Alors que le Bélarus fait l’objet de lourdes sanctions européennes en raison de sa politique répressive et de son soutien à la Russie dans le conflit ukrainien, le ministre hongrois des Affaires étrangères Peter Szijjarto a effectué une nouvelle visite à Minsk ce jeudi. Lors d’un forum sur la sécurité en présence du président biélorusse Alexandre Loukachenko, le chef de la diplomatie magyare a vivement critiqué les sanctions imposées par l’Union européenne au Bélarus.
D’après des sources proches du dossier, il s’agit déjà de la troisième visite de M. Szijjarto au Bélarus depuis le début de l’invasion russe en Ukraine en février 2022, et de la deuxième cette année. Une fréquence qui témoigne des bonnes relations qu’entretiennent Budapest et Minsk, alors même que le régime biélorusse est de plus en plus isolé sur la scène internationale. Le ministre hongrois est d’ailleurs le seul haut responsable d’un pays membre de l’UE à s’être rendu au Bélarus depuis le début de la répression des opposants en 2020.
La Hongrie maintient ses liens avec les pays sanctionnés
Prenant la parole en russe lors du forum, Peter Szijjarto a déclaré que c’était “un grand honneur” pour lui d’être à nouveau dans la capitale biélorusse. “Espérons ensemble que nous ne serons pas critiqués à Bruxelles pour cette discussion”, a-t-il lancé, en référence aux instances européennes. Le ministre hongrois a ensuite dénoncé ce qu’il considère comme une volonté occidentale de “créer une grande hégémonie des opinions” :
Nous n’acceptons aucune restriction contre ceux avec lesquels nous coopérons. Nous n’aimons pas les politiques de sanctions
Une position qui tranche avec celle défendue par la majorité des pays européens. Depuis la contestation de la réélection du président Loukachenko en 2020, jugée frauduleuse par l’opposition et la communauté internationale, le Bélarus a en effet subi une sévère répression :
- Arrestations massives d’opposants
- Accusations de torture
- Centaines de peines de prison
Pour se maintenir au pouvoir malgré ce contexte, Alexandre Loukachenko s’est considérablement rapproché de la Russie de Vladimir Poutine, allant jusqu’à permettre aux forces russes d’utiliser le territoire biélorusse comme base arrière pour attaquer l’Ukraine en février 2022. Un soutien qui a valu à Minsk de nouvelles sanctions occidentales, auxquelles la Hongrie s’oppose donc ouvertement.

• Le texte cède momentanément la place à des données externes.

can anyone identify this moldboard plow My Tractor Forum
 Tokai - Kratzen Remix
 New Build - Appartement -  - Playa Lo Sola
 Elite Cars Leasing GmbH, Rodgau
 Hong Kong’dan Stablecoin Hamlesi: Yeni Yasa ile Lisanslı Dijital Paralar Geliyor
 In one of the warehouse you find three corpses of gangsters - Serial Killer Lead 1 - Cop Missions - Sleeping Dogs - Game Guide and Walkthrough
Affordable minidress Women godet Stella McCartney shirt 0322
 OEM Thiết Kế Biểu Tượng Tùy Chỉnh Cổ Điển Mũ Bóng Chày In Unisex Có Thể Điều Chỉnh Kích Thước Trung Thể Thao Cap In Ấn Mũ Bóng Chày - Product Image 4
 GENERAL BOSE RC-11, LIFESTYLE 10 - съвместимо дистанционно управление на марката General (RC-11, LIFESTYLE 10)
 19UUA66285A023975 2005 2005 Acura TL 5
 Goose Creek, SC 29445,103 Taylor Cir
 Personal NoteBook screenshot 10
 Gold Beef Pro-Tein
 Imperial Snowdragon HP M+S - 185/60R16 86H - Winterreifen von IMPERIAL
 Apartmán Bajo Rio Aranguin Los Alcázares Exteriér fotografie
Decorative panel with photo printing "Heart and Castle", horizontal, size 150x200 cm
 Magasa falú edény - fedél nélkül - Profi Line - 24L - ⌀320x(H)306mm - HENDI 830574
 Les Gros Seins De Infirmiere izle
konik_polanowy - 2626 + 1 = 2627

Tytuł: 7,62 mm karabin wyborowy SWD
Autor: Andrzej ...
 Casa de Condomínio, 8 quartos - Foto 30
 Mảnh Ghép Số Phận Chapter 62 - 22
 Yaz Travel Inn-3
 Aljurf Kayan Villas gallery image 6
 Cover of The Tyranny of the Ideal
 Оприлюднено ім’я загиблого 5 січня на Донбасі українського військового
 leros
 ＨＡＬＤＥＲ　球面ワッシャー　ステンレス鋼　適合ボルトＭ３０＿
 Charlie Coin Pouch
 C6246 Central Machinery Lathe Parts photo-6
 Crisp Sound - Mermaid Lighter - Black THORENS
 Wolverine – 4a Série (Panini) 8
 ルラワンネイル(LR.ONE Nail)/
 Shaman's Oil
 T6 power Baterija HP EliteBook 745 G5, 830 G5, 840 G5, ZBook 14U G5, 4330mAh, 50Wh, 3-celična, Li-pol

Budapest affiche son soutien aux régimes contestés
La visite de Peter Szijjarto à Minsk intervient seulement deux jours après un déplacement du Premier ministre hongrois Viktor Orban en Géorgie. Là-bas, le dirigeant nationaliste est allé afficher son appui au parti au pouvoir, accusé de dérive autoritaire prorusse après sa victoire controversée aux législatives. Autant de signaux qui confirment la position singulière de la Hongrie au sein de l’UE vis-à-vis de la Russie et de ses alliés.
Alors que les Vingt-Sept ont adopté pas moins de dix paquets de sanctions contre Moscou et ses soutiens depuis le début de la guerre en Ukraine, Budapest n’a eu de cesse de critiquer ces mesures et de plaider pour le dialogue avec le Kremlin. Une ligne dénoncée par de nombreux partenaires européens, qui y voient un facteur de division susceptible d’affaiblir la réponse du bloc communautaire à l’agression russe.
L’opposition hongroise dénonce une “diplomatie de la honte”
En Hongrie même, l’opposition a vivement réagi à cette nouvelle visite de Peter Szijjarto à Minsk, y voyant une preuve supplémentaire de la connivence du gouvernement Orban avec des régimes autoritaires. Selon des sources de l’opposition, certains responsables ont même qualifié cette démarche de “diplomatie de la honte”, accusant le pouvoir de salir l’image du pays.
Mais pour l’heure, Viktor Orban, réélu confortablement en avril 2022, semble décidé à maintenir le cap d’une politique étrangère s’affranchissant des positions de Bruxelles dès lors qu’il s’agit de la Russie et de ses partenaires comme le Bélarus. Reste à savoir si cette posture de plus en plus décomplexée ne finira pas par créer de sérieuses tensions avec les autres pays de l’UE, alors que le conflit en Ukraine ne montre aucun signe d’apaisement et que la cohésion européenne apparaît plus que jamais comme un enjeu crucial.